Discover the amazing capabilities of the TB6600 stepper motor driver when paired with an Arduino. This comprehensive guide will walk you through the process of interfacing these two powerful components. By following this guide, you’ll be able to adjust microsteps, understand pinouts, and even explore code examples.
TB6600 Stepper Motor Driver Features
The TB6600 is an easy-to-use professional stepper motor driver that you can adjust its microsteps. This module could control a two-phase stepping motor. A key feature of this module is that you can change the microstep settings by the built-in switches on the driver.
These modules have several safety functions as follows:
- Overcurrent protection
- under-voltage shutdown
- overheating protection
There are 2 kinds of this module: 4 Amps and 4.5 Amps. Both have similar functions. You can see these modules in the image below.
You can download the datasheet of this module here.
TB6600 Stepper Motor Driver Pinout
This Module has the following pins:
High Voltage
- VCC: Motor power supply – 9-42V for 4A type and max 32V for 4.5A type
- GND: Ground
- A+: Positive pin of coil 1
- A-: Negative pin of coil 1
- B+: Positive pin of coil 2
- B-: Negative pin of coil 2
Signal
- PUL(CLK): Pins for controlling rotation steps
- DIR(CW): Pins for controlling rotation steps
- ENA: Enable the driver pin
- 5V: Voltage – 5V
Note
There are 2 way that you can command the PUL, DIR and ENA pins in 4A type:
- Connect The negative pins to ground and do the control by positive pins. (Active -HIGH)
- Connect the positive pins to 5 volts and do the control by negative pins. (Active -LOW)
Note
For the 4.5A type, the other pins are activated with LOW voltage because there is a 5V pin in the control pins.
TB6600 stepper motor driver control switches
These switches are used to control the microstep resolution and limiting the driver current.
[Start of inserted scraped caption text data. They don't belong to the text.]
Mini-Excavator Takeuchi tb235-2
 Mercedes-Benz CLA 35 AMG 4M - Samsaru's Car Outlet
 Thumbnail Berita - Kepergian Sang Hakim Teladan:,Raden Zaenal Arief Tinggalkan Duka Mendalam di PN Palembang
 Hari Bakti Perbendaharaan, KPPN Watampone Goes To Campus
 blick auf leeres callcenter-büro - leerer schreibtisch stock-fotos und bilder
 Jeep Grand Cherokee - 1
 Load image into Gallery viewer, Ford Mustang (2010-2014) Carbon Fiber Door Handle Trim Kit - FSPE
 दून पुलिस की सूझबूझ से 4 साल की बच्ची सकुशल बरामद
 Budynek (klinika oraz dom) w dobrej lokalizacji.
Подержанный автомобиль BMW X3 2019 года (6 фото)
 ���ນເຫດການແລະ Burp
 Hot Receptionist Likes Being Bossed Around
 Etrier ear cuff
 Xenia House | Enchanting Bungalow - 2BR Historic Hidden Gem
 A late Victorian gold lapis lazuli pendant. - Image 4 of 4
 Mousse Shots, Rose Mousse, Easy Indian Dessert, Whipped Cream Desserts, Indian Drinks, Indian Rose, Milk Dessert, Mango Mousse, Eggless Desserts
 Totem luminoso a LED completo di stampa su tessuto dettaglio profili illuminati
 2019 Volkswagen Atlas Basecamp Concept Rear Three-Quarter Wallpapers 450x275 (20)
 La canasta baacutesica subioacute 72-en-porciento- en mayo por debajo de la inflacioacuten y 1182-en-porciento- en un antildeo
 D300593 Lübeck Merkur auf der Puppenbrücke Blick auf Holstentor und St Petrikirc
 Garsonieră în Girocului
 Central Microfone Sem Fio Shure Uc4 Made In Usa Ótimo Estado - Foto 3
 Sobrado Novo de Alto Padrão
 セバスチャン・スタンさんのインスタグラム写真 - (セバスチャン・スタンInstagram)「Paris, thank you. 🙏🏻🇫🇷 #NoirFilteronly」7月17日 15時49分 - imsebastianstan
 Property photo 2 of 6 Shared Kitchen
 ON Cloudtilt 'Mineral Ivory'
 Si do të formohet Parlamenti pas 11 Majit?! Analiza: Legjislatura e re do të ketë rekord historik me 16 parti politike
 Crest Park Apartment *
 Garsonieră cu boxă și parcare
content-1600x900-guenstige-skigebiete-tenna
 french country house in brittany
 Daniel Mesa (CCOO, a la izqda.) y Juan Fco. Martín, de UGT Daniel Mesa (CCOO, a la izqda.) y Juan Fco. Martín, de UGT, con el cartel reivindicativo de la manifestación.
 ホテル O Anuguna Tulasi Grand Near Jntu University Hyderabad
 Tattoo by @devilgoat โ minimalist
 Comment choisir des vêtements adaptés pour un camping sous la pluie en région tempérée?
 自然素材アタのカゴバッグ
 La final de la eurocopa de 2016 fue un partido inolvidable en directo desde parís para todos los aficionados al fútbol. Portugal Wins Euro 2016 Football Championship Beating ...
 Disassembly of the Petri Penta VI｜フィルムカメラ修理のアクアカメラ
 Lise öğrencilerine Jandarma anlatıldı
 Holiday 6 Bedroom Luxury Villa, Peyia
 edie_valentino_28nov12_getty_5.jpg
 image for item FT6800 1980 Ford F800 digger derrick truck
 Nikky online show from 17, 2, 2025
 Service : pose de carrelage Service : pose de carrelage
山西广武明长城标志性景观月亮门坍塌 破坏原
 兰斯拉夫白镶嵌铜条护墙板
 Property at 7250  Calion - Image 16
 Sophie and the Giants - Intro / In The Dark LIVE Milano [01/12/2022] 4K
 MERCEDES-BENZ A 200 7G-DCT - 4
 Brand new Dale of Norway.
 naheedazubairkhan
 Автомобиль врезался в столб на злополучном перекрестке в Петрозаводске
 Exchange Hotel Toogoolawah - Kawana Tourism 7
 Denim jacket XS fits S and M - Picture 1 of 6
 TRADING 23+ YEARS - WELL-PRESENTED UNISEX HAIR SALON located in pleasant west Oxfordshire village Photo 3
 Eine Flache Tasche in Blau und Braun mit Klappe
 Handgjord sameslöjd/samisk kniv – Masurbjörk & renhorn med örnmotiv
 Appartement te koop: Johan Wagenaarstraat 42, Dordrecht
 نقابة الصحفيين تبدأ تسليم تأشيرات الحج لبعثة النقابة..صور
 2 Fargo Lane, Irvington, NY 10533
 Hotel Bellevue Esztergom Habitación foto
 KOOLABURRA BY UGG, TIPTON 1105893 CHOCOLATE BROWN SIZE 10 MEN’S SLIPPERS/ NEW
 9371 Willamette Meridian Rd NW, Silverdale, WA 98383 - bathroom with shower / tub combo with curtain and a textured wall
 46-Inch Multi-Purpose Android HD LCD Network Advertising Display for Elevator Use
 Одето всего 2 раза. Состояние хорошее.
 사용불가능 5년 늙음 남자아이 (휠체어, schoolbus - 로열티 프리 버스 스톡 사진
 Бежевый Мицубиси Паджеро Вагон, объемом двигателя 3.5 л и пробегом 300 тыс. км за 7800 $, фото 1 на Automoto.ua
You can change the microstep resolution from full step to 1/32 step by switching the switches S1 to S3.
Note
There is no 1/32 step in 4.5A type.
You can adjust the current that goes to the motor when it is running by setting the dip switches S4, S5, and S6 on or off.
Note
In 4.5A type, you can adjust and limit the current by the potentiometer.
You can see the pinout of this module in the image below.
Required Material
Required Material
Software Apps
Note
Use a power supply with a proper current and voltage to power the motor.
Note
For this tutorial, prepare only one type of TB6600.
Interfacing TB6600 Stepper Motor Driver with Arduino
To begin interfacing the TB6600 stepper motor driver with an Arduino, follow these steps:
Step 1: Circuit
Note
You can use a multimeter to find the two wires from one coil.
Place the multimeter on short circuit test and test the wires in pairs. The two wires that were short circuited while connecting to the multimeter are both sides of one coil.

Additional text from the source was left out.